Dúvida, silêncio, medo, revelação. Etapas por que passou o jovem Filipe, que na descoberta da sua homossexualidade “queria saber ao certo o que é ser gay”. Personagem de um livro de Margarida Fonseca Santos que sintetiza os relatos que escutou de rapazes e raparigas que querem evitar que outros sofram, como eles, “a violência dos silêncios”. Por isso é contado na primeira pessoa.

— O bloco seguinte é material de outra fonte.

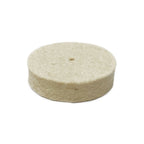 Felt Polishing Buff Wheel, 32mm Diameter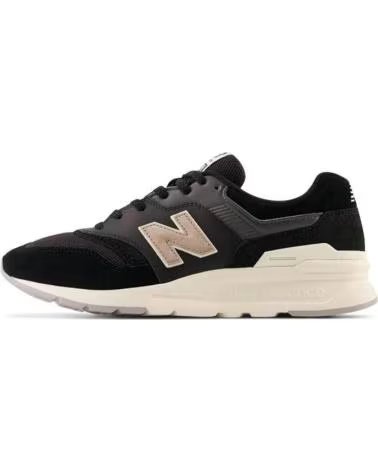 Sportif pour Homme NEW BALANCE ZAPATILLAS CM997HV1 BLACK NEGRO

“Tinha de ser na primeira pessoa. É a melhor maneira de se sentir as várias dificuldades por que passa alguém que assume a sua homossexualidade ou qualquer outra coisa”, disse a autora no lançamento de Saber ao Certo, na semana passada em Lisboa, a assinalar o Dia Internacional das Famílias (15 de Maio) e o Dia Mundial Contra a Homofobia (17). E sublinhou querer “honrar todas as pessoas que aceitaram partilhar os seus percursos”.
A avaliar pelas famílias que encheram o Centro de Estudos Sociais-Lisboa e pelos agradecimentos públicos recebidos, terá conseguido.
A violência dos silêncios
Margarida Fonseca Santos aproveitou a expressão “violência dos silêncios”, usada por Paulo Corte-Real (da ILGA-Portugal) instantes antes da sua intervenção, para dizer: “É essa violência dos silêncios que mais me custa aceitar. Antes de o adolescente se assumir, contar, há muito silêncio sofrido.”
Esse terá sido “o motor mais forte” para escrever o livro, assim como “as dúvidas, o não se conseguir reconhecer, o ter receio de uma determinada atitude”. E lembrou: “A escolha é só essa, se ficamos escondidos ou se assumimos. A homossexualidade não é uma escolha.”
Também ela, ao escrever, teve medos: “Tive receio de fazer um livro que no fundo significasse que ser homossexual era ter entrada num determinado grupo. Precisamos de viver agrupados e, neste momento, nas escolas é algo muito complicado. Temos de passar e repetir a mensagem de que a homossexualidade não é uma escolha.”
Mãe de Filipe: “– O céu desabou sobre mim… – ouvi-a dizer em sussurros, numa conversa que não era comigo, nem devia ser ouvida por mim – mas foi um instante, um instante muito pequeno. É o meu filho, não muda nada. É o meu filho e eu gosto tanto dele que só me custa pensar nos dias todos que sofreu sem dizer nada!”
Mais mães que pais assistiram à apresentação de Saber ao Certo, uma edição bilingue (português e espanhol), da Editorial Estampa, ilustrada por Francisca Torres, criada em resposta ao desafio de Margarida Faria, da Associação de Mães e Pais pela Liberdade de Orientação Sexual e Igualdade de Género (AMPLOS). Falámos com uma destas mães: Maria Alice Vale de Almeida.
“Sou a mãe do Miguel Vale de Almeida. Sabe quem é?”, pergunta com olhar orgulhoso e sorriso feliz. Sabemos. É antropólogo, professor universitário e o primeiro deputado português assumidamente gay. Participou na XI Legislatura como independente pelo PS e deixou o cargo após ter sido legalizado o casamento entre pessoas do mesmo sexo. “Missão cumprida”, disse ele na altura (Dezembro de 2010).